Composição Na oportunidade, o colegiado ajustou também a composição do Grupo de Acompanhamento Técnico do Plano (GAT), que será formado por oito representantes de órgãos gestores de recursos hídricos, quatro das Câmaras Consultivas Regionais (CCRs) e dois representantes da CTPPP/CBHSF. Este seleto grupo terá a incumbência de fis-
calizar as ações que estão sendo executadas pela contratada. Os indicados da CTPPP para o GAT serão definidos na próxima reunião da câmara. O presidente do CBHSF, Anivaldo Miranda, em e-mail enviado aos integrantes da CTPPP, expôs suas contribuições para a consolidação do Termo de Referência. No documento, ele reafirma a importância de englobar no plano decenal assuntos de interesse da bacia e que hoje estão pautados nas principais discussões políticas que envolvem o CBHSF, a exemplo dos usos múltiplos das águas, as vazões reduzidas, futuras hidrovias, matriz energética, corredor multimodal, aquíferos subterrâneos, canais da transposição, bem como a navegabilidade do rio, as usinas nucleares, a exploração do xisto betuminoso, além da construção de Pequenas Centrais Hidrelétricas – PCHs, entre outros.
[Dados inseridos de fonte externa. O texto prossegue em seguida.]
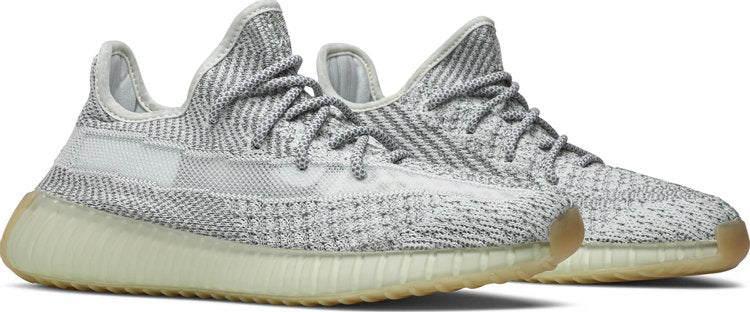 Adidas Yeezy Boost 350 V2 'Yeshaya Reflective'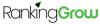 RankingGrow logo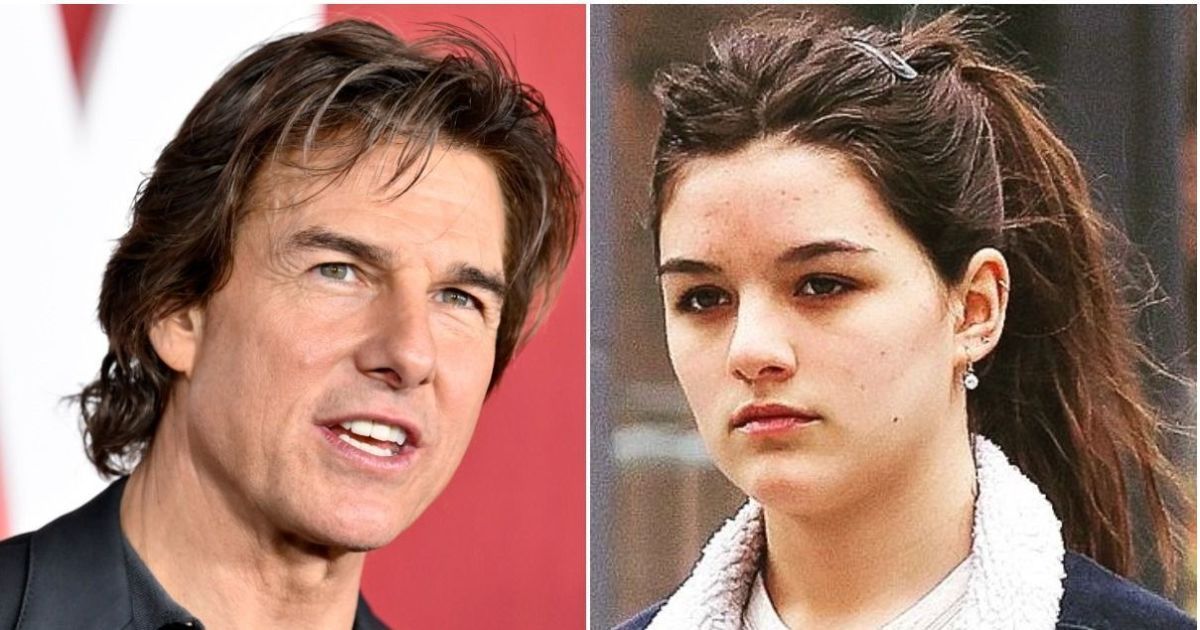 daa9d917fed0bf3217e54cfce6bb7912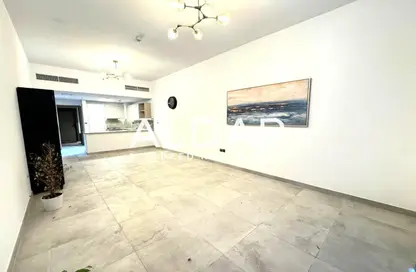 Apartment - 1 Bedroom - 2 Bathrooms for rent in La Riviera Azure - District 10 - Jumeirah Village Circle - Dubai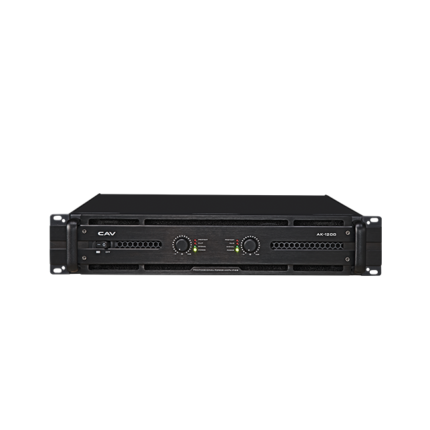 CAV - AK-1200 (Each)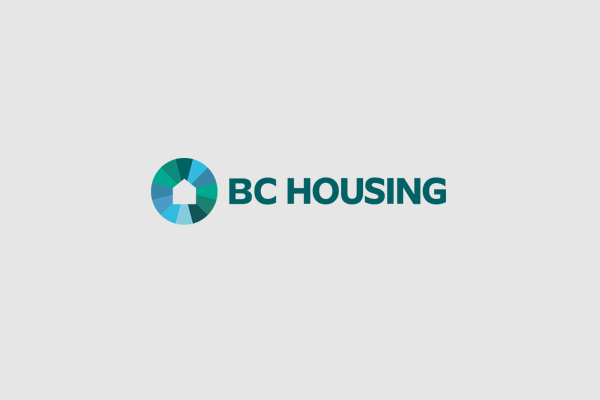 bc-housing-program-guide-family-support-institute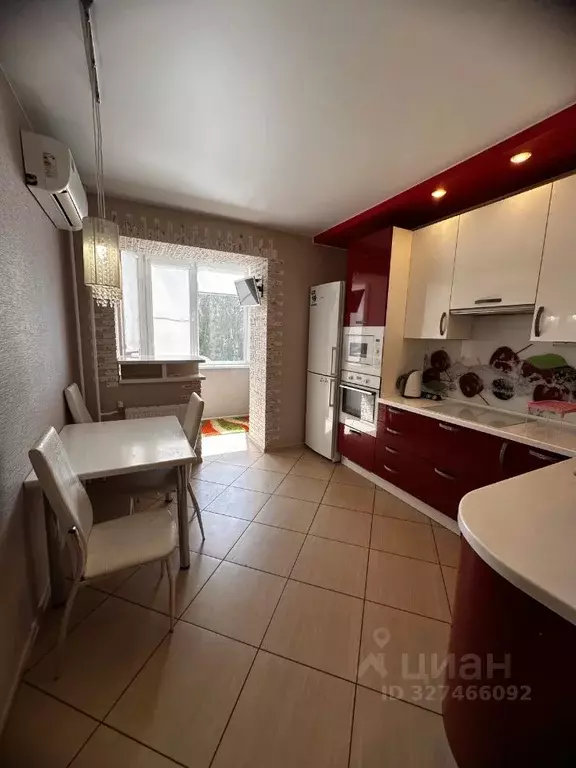 2-к кв. Московская область, Наро-Фоминский городской округ, с. ... - Фото 1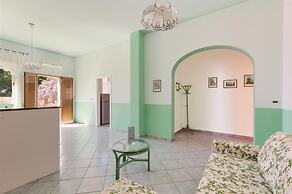 2301 Villetta Il Glicine
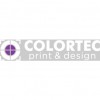 Color Tec Print & Design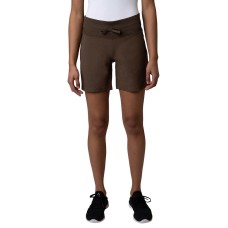 Tuff Ladies' Short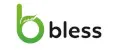 BLESS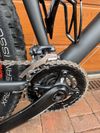 Cannondale Si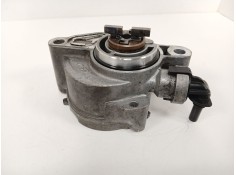 Recambio de depresor freno / bomba vacio para ford fiesta vi (cb1, ccn) 1.6 tdci referencia OEM IAM    2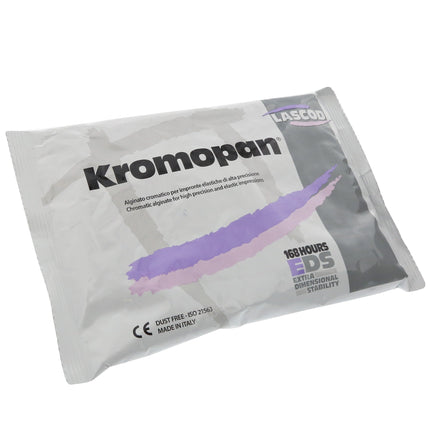 Kromopan Refill Pack 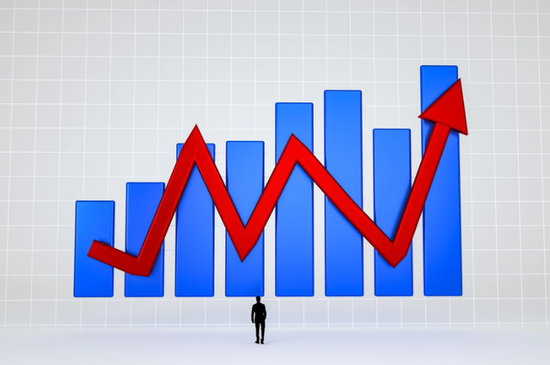 年净利润曾一度高达20亿,青岛国资委控股的海湾化学IPO缘何告败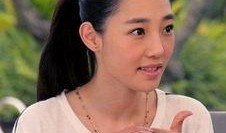 娱乐爆料白百何事件始末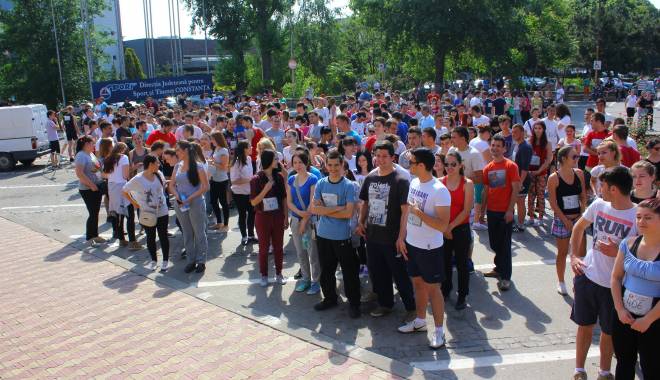 Familiile constănțene, invitate la Crosul Olimpic - cros-1433498791.jpg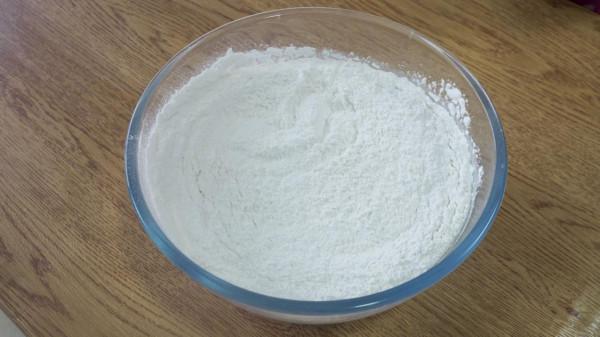 年夜飯，12道菜讓你豔壓群芳，寓意虎年萬事順意，從年頭旺到年尾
O plano de bacia do rio São Francisco deverá custar entre R$ 4 milhões e R$ 5 milhões, que serão financiados com recursos da cobrança pelo uso da água. O processo de contratação ficará a cargo da AGB Peixe Vivo.
Deliberação Foi redigida durante o primeiro dia de reunião (21), uma minuta de deliberação que dispõe sobre a suspensão temporária, até a aprovação do plano de recursos hídricos pelo CBHSF, de admissão de novos projetos hidroambientais de demandas espontâneas. O documento não se aplica aos projetos selecionados e aprovados pela Diretoria Colegiada (Direc) nos anos de 2011, 2012 e 2013. A deliberação será colocada em votação na próxima plenária do Comitê do São Francisco, que acontece nos dias 15 e 16 de maio na cidade de Belo Horizonte (MG).
Eleição e calendário Pela primeira vez reunidos no mandato 2013/2016 do colegiado do CBHSF, os membros da CTPPP aproveitaram o encontro para eleger o novo coordenador e secretário da câmara, tendo sido eleitos por unanimidade Regina Célia Greco (coordenadora) e Jorge Izidro (secretário). Eles sucedem o mandato de Ana Catarina Lopes (coordenadora) e Hildelano Delanusse (secretário). O calendário de atividades da CTPPP também foi agendado. Ao longo do ano de 2014, haverá reuniões nos dias 28 de março, 24 de julho e 11 de setembro. Todos os encontros ocorrerão na cidade de Belo Horizonte (MG).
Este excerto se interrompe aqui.